No hay otra lectura posible a una decisión (donde juegan, también, Tel Aviv y Washington) de un reordenamiento político y económico y donde lo militar y, en particular, los servicios de inteligencia juegan un papel novedoso. Bullrich en Tel Aviv sería el título de la nueva obra. Cambien mapuches por palestinos y tendrán toda una hoja de ruta de la derecha sionista de los últimos (casi) setenta años.

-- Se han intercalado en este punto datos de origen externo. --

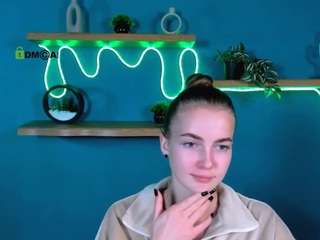  lana-shine1 chat room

La represión no es, necesariamente, pura dominación. El macrismo lo sabe: ahí están los 30 muertos del fracaso De la Rúa. La Alianza no logró dominación, ni hegemonía. Macri va por la hegemonía y espera replicar un modelo de apoyo popular a la represión. Para eso necesita un Estado atomizado, una población confundida y luchas sectoriales asfixiadas en su inmediatez. Chile y Colombia, con diferencias sustanciales, son modelos posibles. A diferencia de las colonias y neocolonias pretéritas, donde el Estado apostaba a una infraestructura centralizada y compleja, la tierra arrasada es el plan óptimo del imperialismo. La distopía presente nunca sería la del mundo controlado y homogéneo a lo 1984 o Un mundo feliz. El modelo es el caos. El refrán popular ya lo define: a río revuelto, ganancia de pescador. El modelo es Blade Runner. El modelo es hoy.